Wir alle wissen, dass solche Aussagen im Grunde nur dazu dienen, die eigene Bequemlichkeit zu rechtfertigen, vor anderen, aber auch vor sich selbst. Denn dadurch ist unsere Handlungsweise aufgrund reiflicher Überlegung und nicht aus Nachlässigkeit entstanden. Doch im Normalfall haben sich eine Menge Leute im Vorfeld viele Gedanken gemacht, bevor sie sie in Sicherheitsrichtlinien festhalten. Ein bisschen mehr Vertrauen in die Arbeit der Experten kann daher sicher nicht schaden.
Die gleichen Menschen, die bestehende Sicherheitshinweise kreativ umdeuten, sind allerdings sehr restriktiv, wenn es darum geht, eine unsichere Situation einfach nur mit gesundem Menschenverstand zu betrachten.
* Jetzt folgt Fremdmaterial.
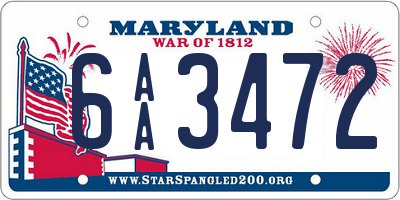 MD license plate 6AA3472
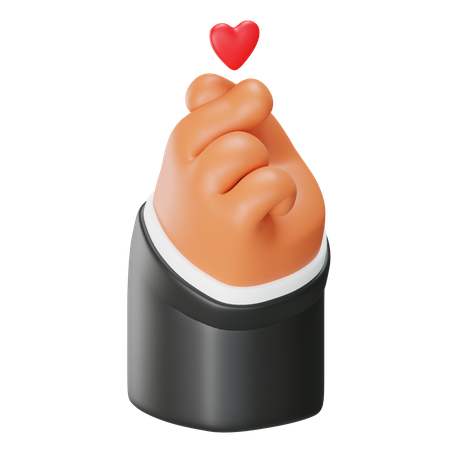 Finger Herz Handbewegung  3D Icon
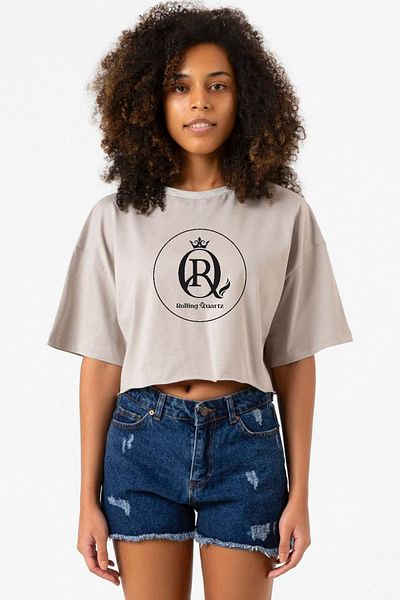 Tshirthane Stone Color Rolling Quartz Logo Women's Crop Hoodie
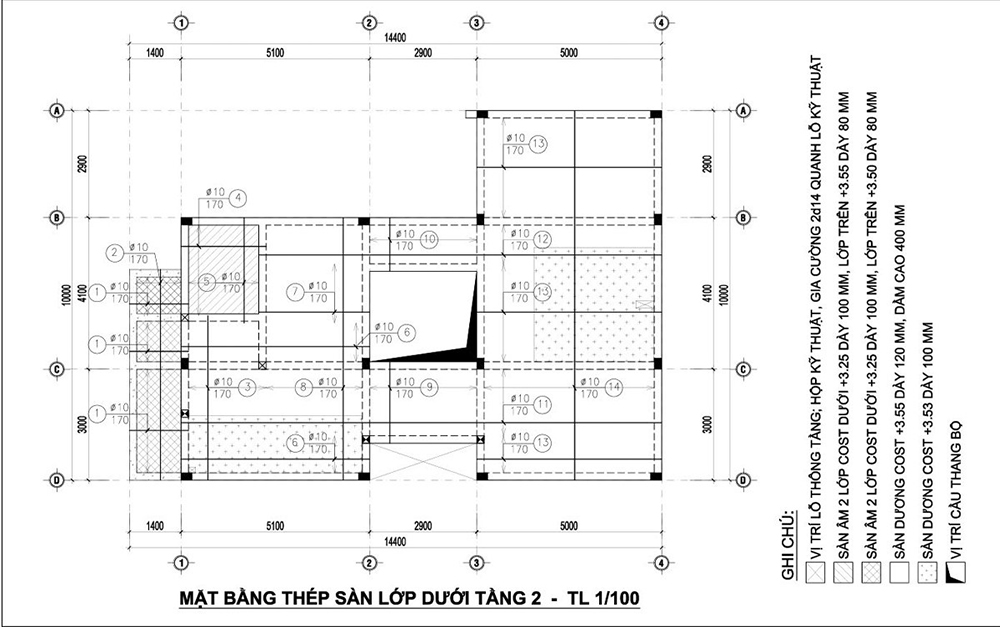 Ví dụ về một bản vẽ kết cấu chi tiết mặt bằng bố trí thép sàn.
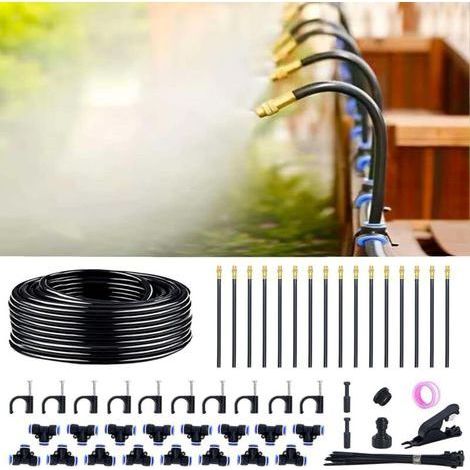 Système d'irrigation automatique incurvé 360° avec 20 tubes et buses en laiton - Économe en eau, longueur 20 mètres, idéal pour balcon, serre et potager, installation simple. (1/5)
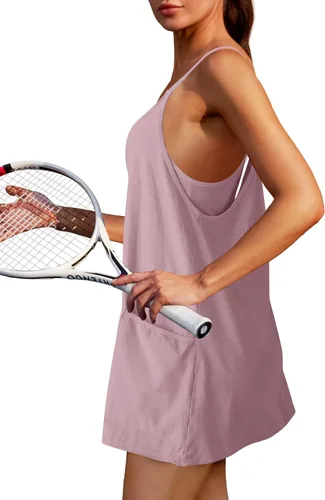 Vista 2 de Nirovien Vestido de tenis para mujer, mini vestido de entrenamiento con pantalones cortos, sin mangas, tirantes delgados, vestidos atléticos de golf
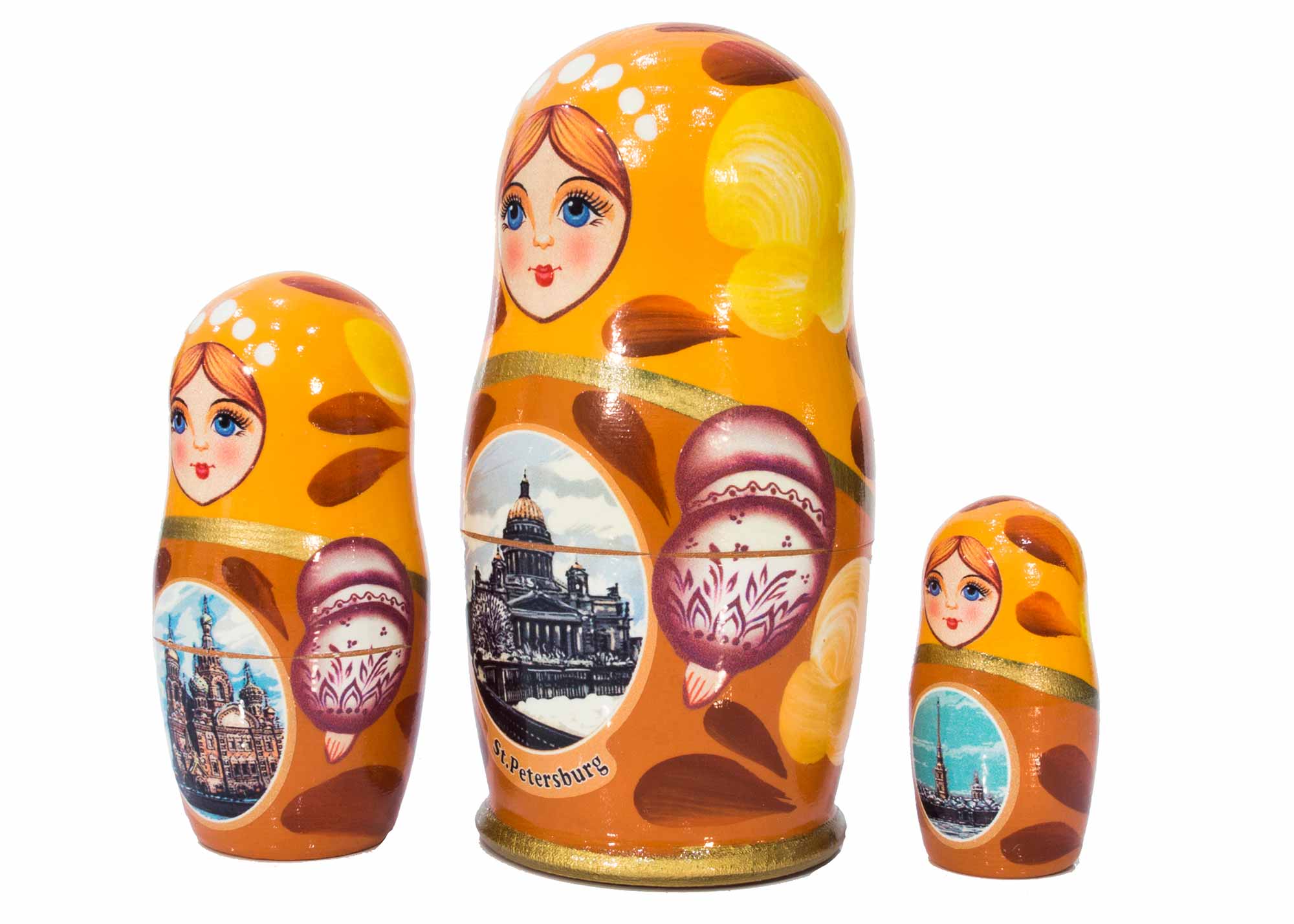 Buy Saint Petersburg Nesting Doll 3pc./4" - Yellow at GoldenCockerel.com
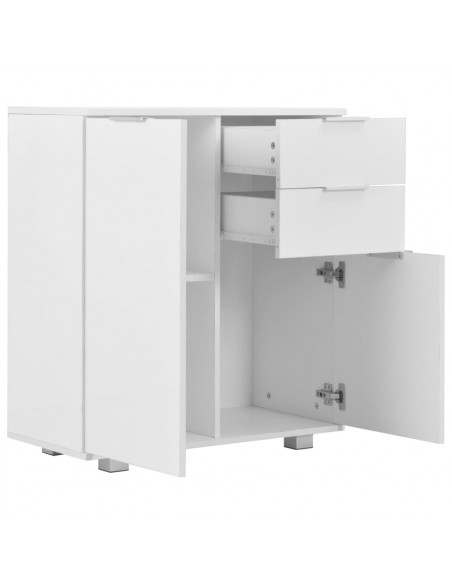 Credenza con Finitura Lucida Bianca 71x35x80 cm in Truciolato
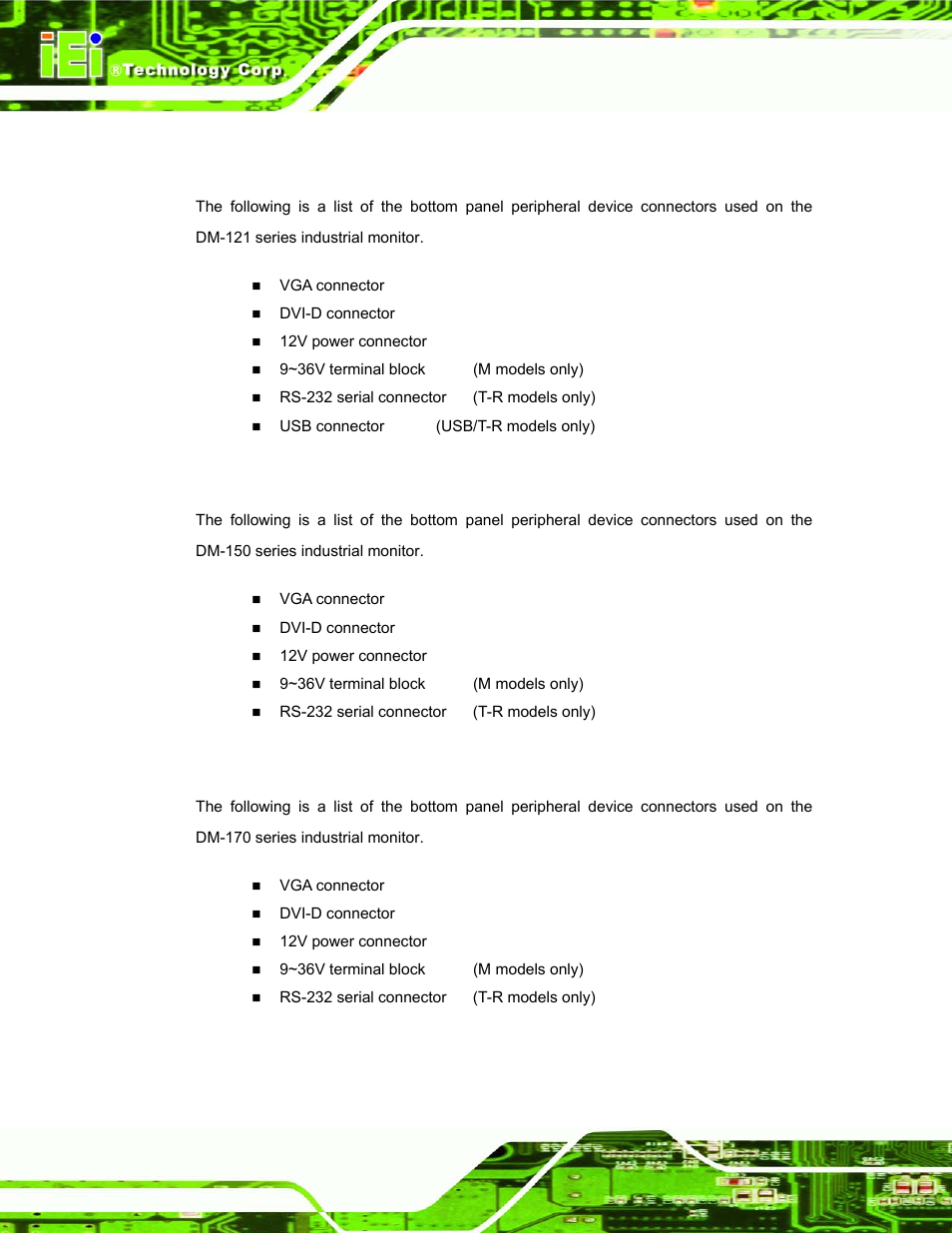 5 dm-121 connectors, 6 dm-150 connectors, 7 dm-170 connectors | IEI Integration DM_Series v1.14 User Manual | Page 38 / 198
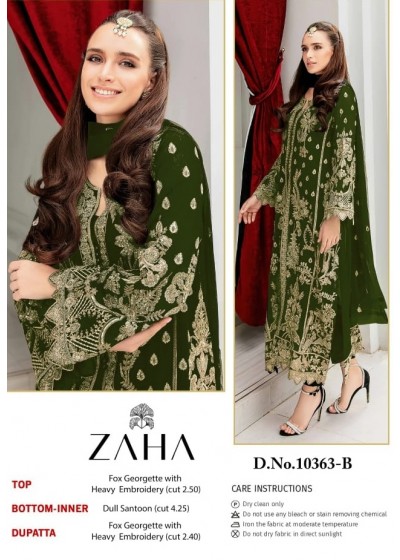 ZAHA SIMRAN 10363 B GREEN COLOUR PAKISTANI SUITS WHOLESALE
Dabei versteht es sich von selbst, unter Brandschutztüren keine Keile zu klemmen, um sie offen zu halten oder keine sperrigen Gegenstände mitten in Verkehrsflächen zu lagern, weil man sie ja gleich wieder benötigt. Immer wieder bekommen wir dann die Frage zu hören: „Wo steht das?“ Und solange keine Richtlinie es vorschreibt, verweigern die Kollegen die Umsetzung. Die Konsequenz wären noch mehr Regelungen und Gefährdungsbeurteilungen – doch wer will das schon. Sinnvollen Maßnahmen sollten wir deshalb erst gar nicht diskutieren müssen. Im Gegenzug sollte übrigens jeder, der unsichere Handlungen oder Zustände entdeckt, sie konsequent ansprechen. Denn eine offene Fehlerkultur ist ein elementarer Bestandteil, wenn sich eine Organisation zu sicherem Verhalten entwickeln will. Damit am Ende möglichst alle auch dann sicher arbeiten, wenn eben gerade keiner hinsieht.